» Records to process
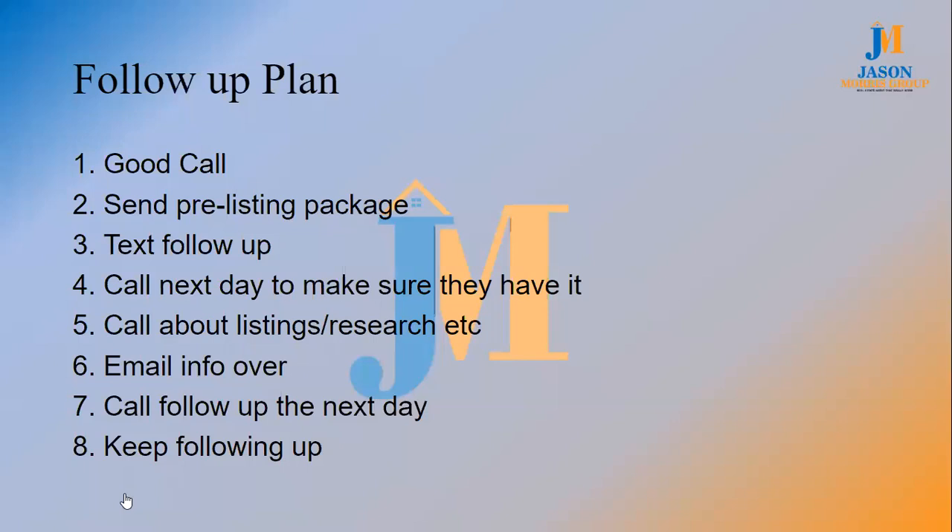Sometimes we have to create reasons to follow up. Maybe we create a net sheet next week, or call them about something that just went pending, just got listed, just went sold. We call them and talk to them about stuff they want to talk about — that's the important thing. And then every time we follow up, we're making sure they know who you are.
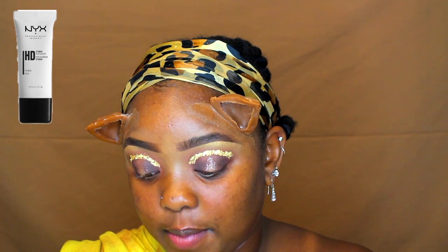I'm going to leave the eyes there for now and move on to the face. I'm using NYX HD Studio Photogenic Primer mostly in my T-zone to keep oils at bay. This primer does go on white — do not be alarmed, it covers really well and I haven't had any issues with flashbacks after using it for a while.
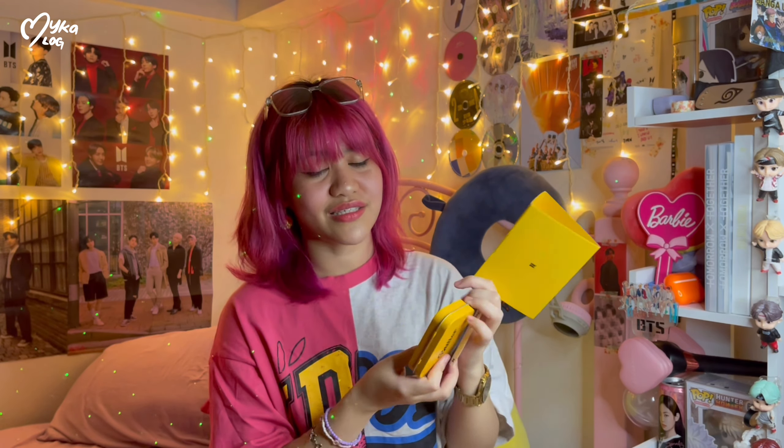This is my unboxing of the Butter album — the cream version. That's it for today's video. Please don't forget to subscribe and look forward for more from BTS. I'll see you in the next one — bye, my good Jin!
---
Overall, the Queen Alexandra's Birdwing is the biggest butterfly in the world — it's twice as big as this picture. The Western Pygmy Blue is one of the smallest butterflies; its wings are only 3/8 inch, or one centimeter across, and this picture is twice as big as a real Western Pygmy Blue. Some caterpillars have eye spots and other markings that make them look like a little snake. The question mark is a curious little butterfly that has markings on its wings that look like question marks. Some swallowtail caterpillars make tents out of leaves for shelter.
---
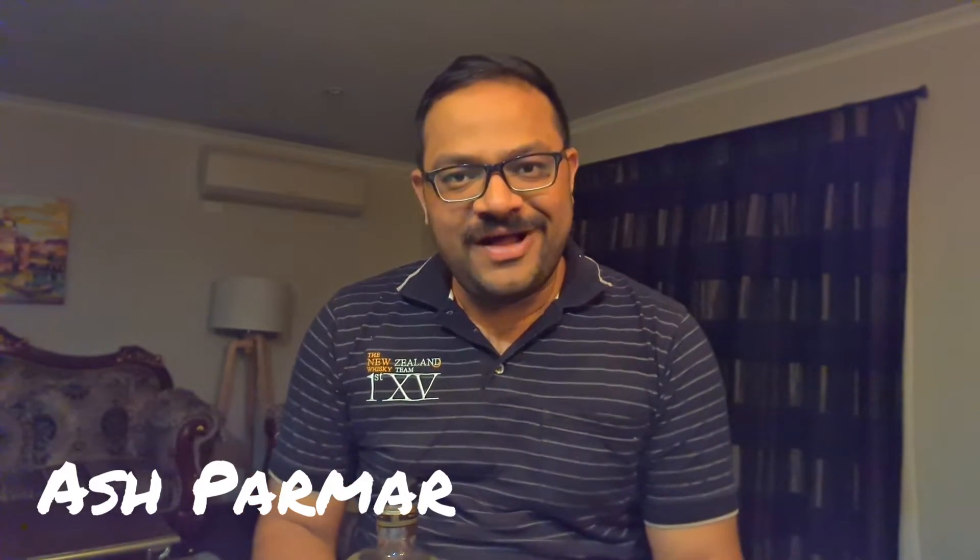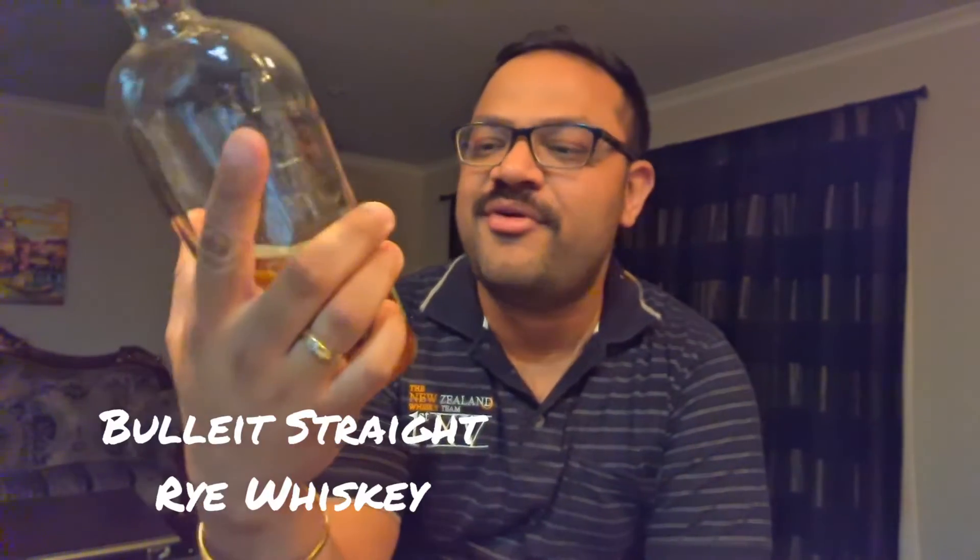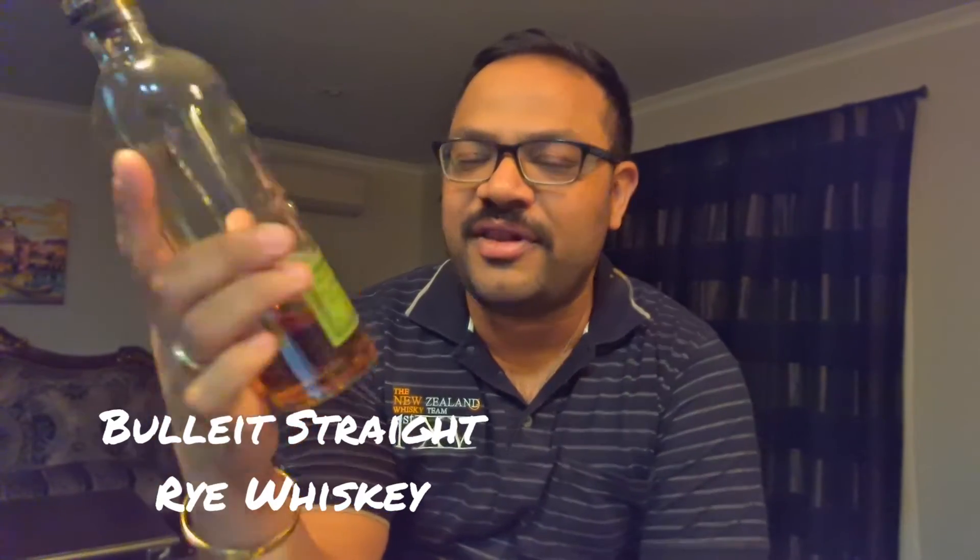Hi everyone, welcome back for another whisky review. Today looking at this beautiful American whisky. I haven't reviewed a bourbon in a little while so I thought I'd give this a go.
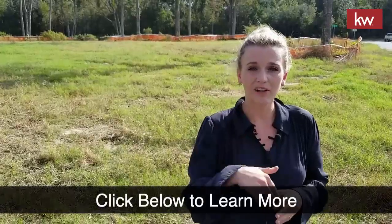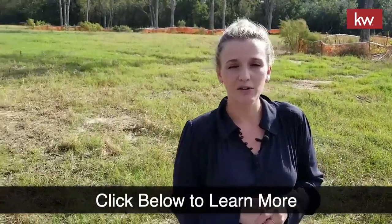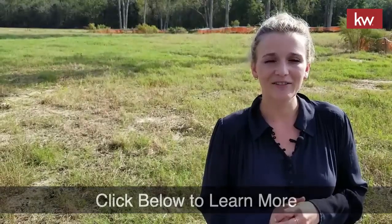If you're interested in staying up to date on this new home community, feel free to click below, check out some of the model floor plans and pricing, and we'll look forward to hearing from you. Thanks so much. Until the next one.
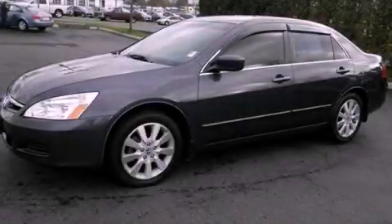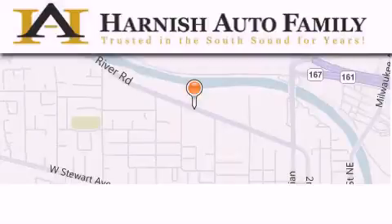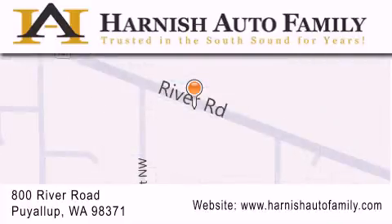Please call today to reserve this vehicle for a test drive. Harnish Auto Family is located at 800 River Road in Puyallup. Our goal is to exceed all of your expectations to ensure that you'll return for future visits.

» Requirement
Starting with the line above that holds "Sometimes we have", restate each line word for word up to and including the line that holds "This is my unboxing". Drop the pictures.

» Your response
Sometimes we have to create reasons to follow up. Maybe we create a net sheet next week, or call them about something that just went pending, just got listed, just went sold. We call them and talk to them about stuff they want to talk about — that's the important thing. And then every time we follow up, we're making sure they know who you are.
I'm going to leave the eyes there for now and move on to the face. I'm using NYX HD Studio Photogenic Primer mostly in my T-zone to keep oils at bay. This primer does go on white — do not be alarmed, it covers really well and I haven't had any issues with flashbacks after using it for a while.
This is my unboxing of the Butter album — the cream version. That's it for today's video. Please don't forget to subscribe and look forward for more from BTS. I'll see you in the next one — bye, my good Jin!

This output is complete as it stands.